Issue de la classe moyenne épiscopale américaine, Elizabeth « Betsy » Winifred Boger se sent très vite attirée par le monde du spectacle et commence la danse dès l’âge de huit ans. Elève surdouée, elle n’a que quinze ans lorsqu’elle termine son cursus secondaire et ne peut donc rentrer à l’Université. A l’époque déjà, elle se fait appeler Blair, du nom de l’internat fréquenté par son premier amour de jeunesse. Outre son travail occasionnel de mannequinat, elle auditionne et obtient une place de chorus girl dans une boîte de nuit. C’est là qu’elle rencontre Gene Kelly, qui deviendra son mari deux ans plus tard, en 1940. Cette même année, elle fait ses premiers pas sur scène à Broadway dans Panama Hattie et devient, l’année suivante, la tête d’affiche féminine de la pièce The Beautiful People de William Saroyan, un rôle qui lui attire les faveurs des critiques.
Elle fait ses débuts sur grand écran en 1947 à l’âge de 24 ans, aux côtés de Rosalind Russell et Melvyn Douglas, dans Coupable ou non coupable de Henry Levin. Privilégiant les films dramatiques, elle enchaîne ensuite bon nombre de rôles secondaires, lui permettant de se faire connaître du grand public : Othello (de George Cukor, 1947), La Fosse aux serpents (d’Anatole Litvak, 1948) ou encore Another Part of the Forest (de Michael Gordon, 1948). Dans le même temps, elle s’engage au sein de la Screen Actors Guild et propose la création d’un comité contre les discriminations à l’écran, ce qui lui vaut d’être "blacklistée" par la Commission sur les actions anti-américaines, qui voit en elle une militante d’extrême gauche proche des communistes. Cette étiquette dérange les studios qui rechignent dès lors à lui proposer des rôles, et mettent un point final à sa carrière hollywoodienne.

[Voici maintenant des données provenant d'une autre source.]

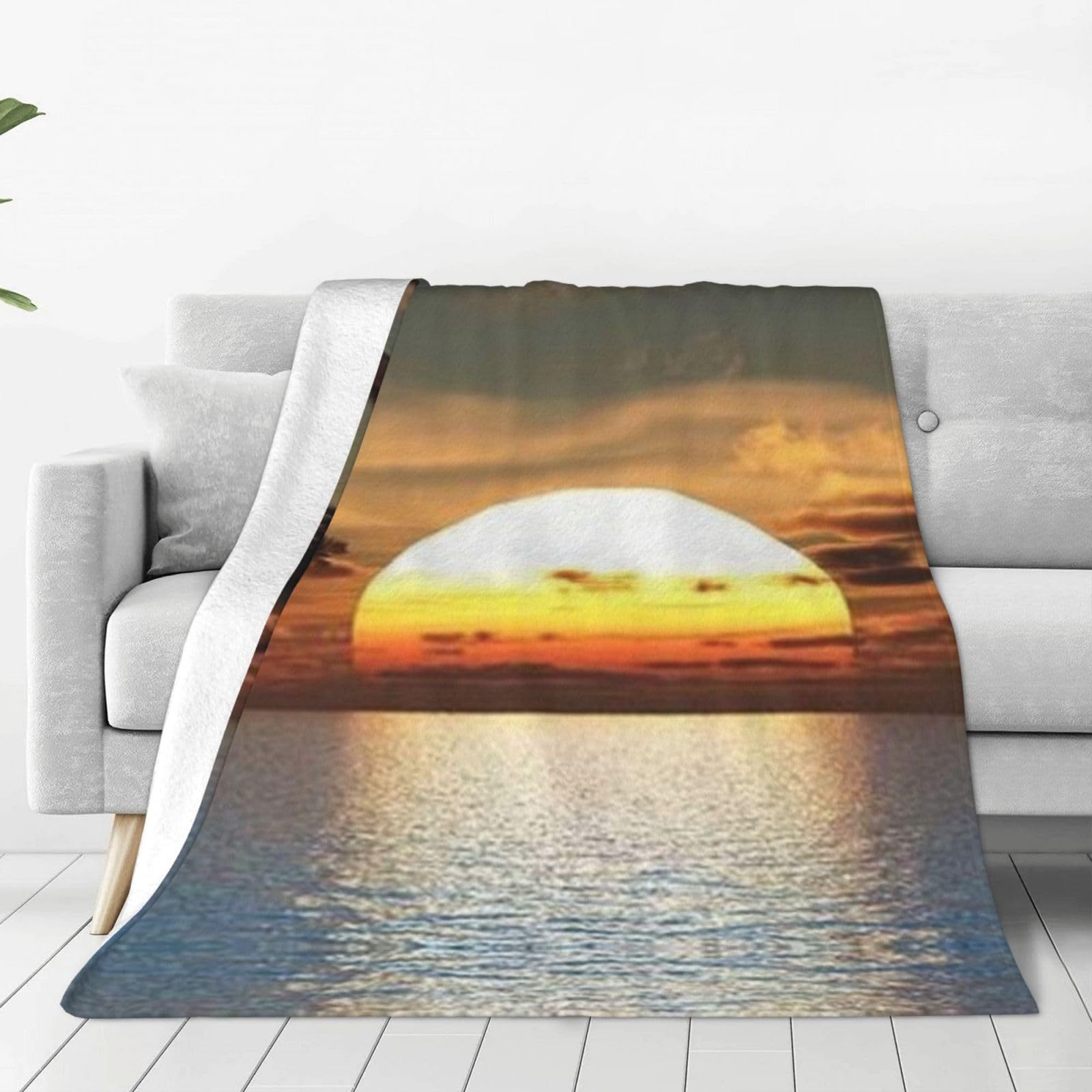 Sunrise Home Textiles & Apparel - Tropische Oceaan Zonsopgang Gedrukte Deken voor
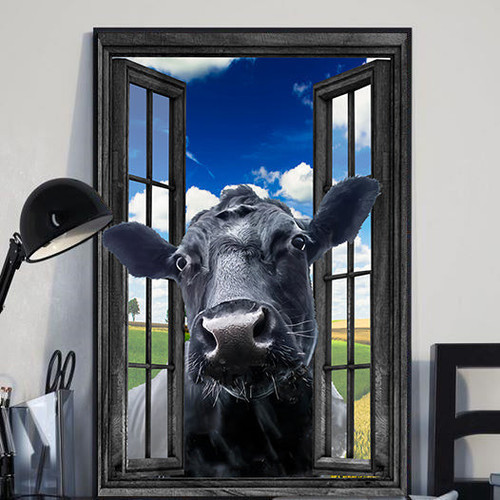 Black Angus Cow 3D Window View Canvas Wall Art Painting Prints Home Decor Bedroom Decor Bathrom Decor Framed Prints, Canvas Paintings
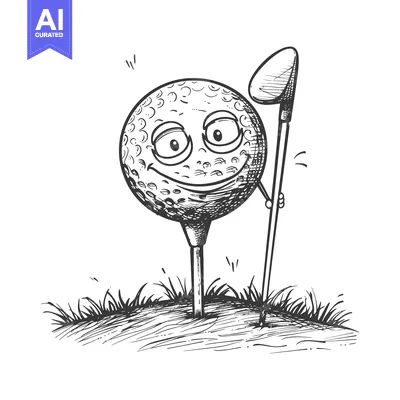 Aset desain premium: A Smiling Golf Ball Holding a Club on a Tee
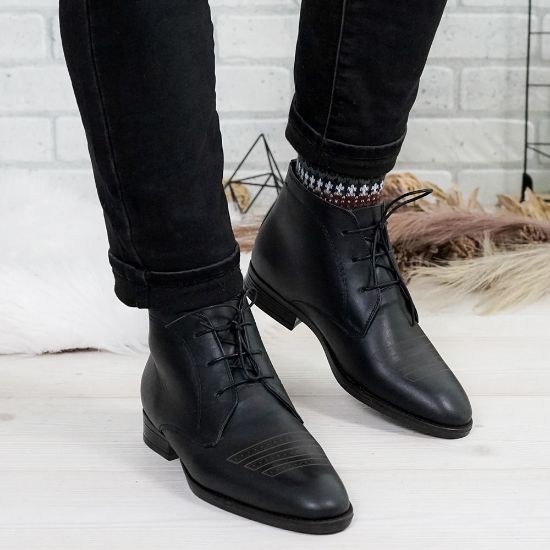 Imagine Ghete bărbați piele naturală CN259 Negru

Il faudra attendre 1955 et les menaces répétées de Gene Kelly auprès des studios pour retrouver Betsy Blair sur le devant de la scène, dans Marty (de Delbert Mann), film dont elle partage l’affiche avec Ernest Borgnine et qui reçoit la Palme d’Or et l’Oscar du meilleur film. Blair y incarne ce que beaucoup considèrent comme le rôle de sa carrière : une femme disgracieuse, désespérée et délaissée par les hommes. Ce personnage deviendra en effet sa marque de fabrique et sera décliné dans bons nombres de longs-métrages postérieurs, et tout particulièrement dans Grand-rue (Calle Mayor) (1956) de l’espagnol Juan Antonio Bardem.
La fin des années 50 marque la fin de son mariage et sa rupture d’avec Hollywood. Elle s’envole alors pour l’Europe, notamment en France et en Angleterre. Cet exil donne une nouvelle direction à sa carrière en la faisant tourner devant la caméra de réalisateurs européens tels que les italiens Michelangelo Antonioni (Le Cri, 1957) et Mauro Bolognini (Quand la chair succombe, 1962), le français Claude Berri (Mazel Tov ou le mariage, 1969) le britannique Tony Richardson (A Delicate Balance, 1973) ou encore le grec Costa-Gavras (La Main droite du diable, 1988). Elle participera également de manière sporadique et anecdotique à des feuilletons et séries télévisées, ce jusqu’à sa mort en 2009, des suites d’un cancer.